# reset quantum programmer



## peer888sp4 (Jan 6, 2009)

morning

does anybody know if it's possible to reset the quantum programmer from qsi? 
The reasen from my question is that I can't programm my qsi magnum decoder with it anymore, with my massoth navigator I can, so the decoder is ok

peer


----------



## Greg Elmassian (Jan 3, 2008)

if you hook it up and try to read the loco information, what does it do? 

I suspect you have a software problem, or maybe something else. 

Can you be a bit more specific, what exactly are you trying to do? download a file, change a cv? 

Clearly the massoth navigator cannot download a QSI sound file... so you must be talking CV's.. are you programming on the main, or using a programming track with the massoth? 

Greg


----------



## peer888sp4 (Jan 6, 2009)

ha greg

I can't make contact with the decoder with the quantum CV manager so I can't read loco info or cv's, download files etc. etc. I (it worked perfectly for a while) the only message I get is Unable to read Mfg ID, status 1.

I am trying to change the cv's,

I am using new track and/or clean rollers and the loco wheels also are clean, so there is not a contactproblem 

The software is updated and the decoder is responding to the massoth central. I am using for both (massoth and quantum) a programmming track and or rollers. 

peer


----------



## Greg Elmassian (Jan 3, 2008)

Peer, sorry to seem to drag this out. 

So the massoth is being used on the programming track? Just confirming... and you ARE defininitely using the programming track "service mode"... ( I know other systems can use the same track leads for mainline and programming track). 

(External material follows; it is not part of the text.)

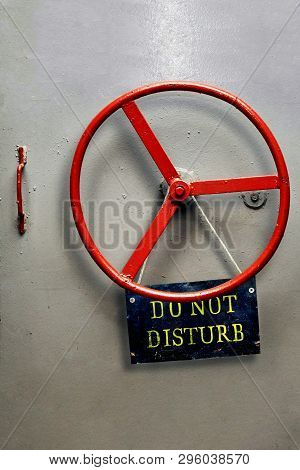 Do Not Disturb Warning Sign Plate Hanging On A Hermetic Bomb Shelter Armored Door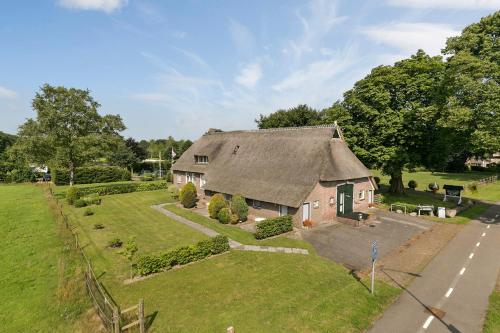 an aerial view of a house with a yard at De Deelderij in Schoonloo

So the Massoth can read CV 1, 2, 3, etc? 

Definitely take the loco off the rollers, they are of course not needed in service mode... 

Now make sure you have all other lights turned off and smoke unit turned off on the loco... what loco is this? 

If this fails, then try pulling the QSI out, and just hooking the programming track directly to the QSI... 

another completely different problem could be the USB driver needs updating/reinstallation, and the program may need updating...

I assume you are using the Q2CVmanager, right? 


Regards, Greg


----------



## peer888sp4 (Jan 6, 2009)

ha greg

the massoth is being used to the programming track, for the qsi i use both the service and operation mode, the programm doesn't response.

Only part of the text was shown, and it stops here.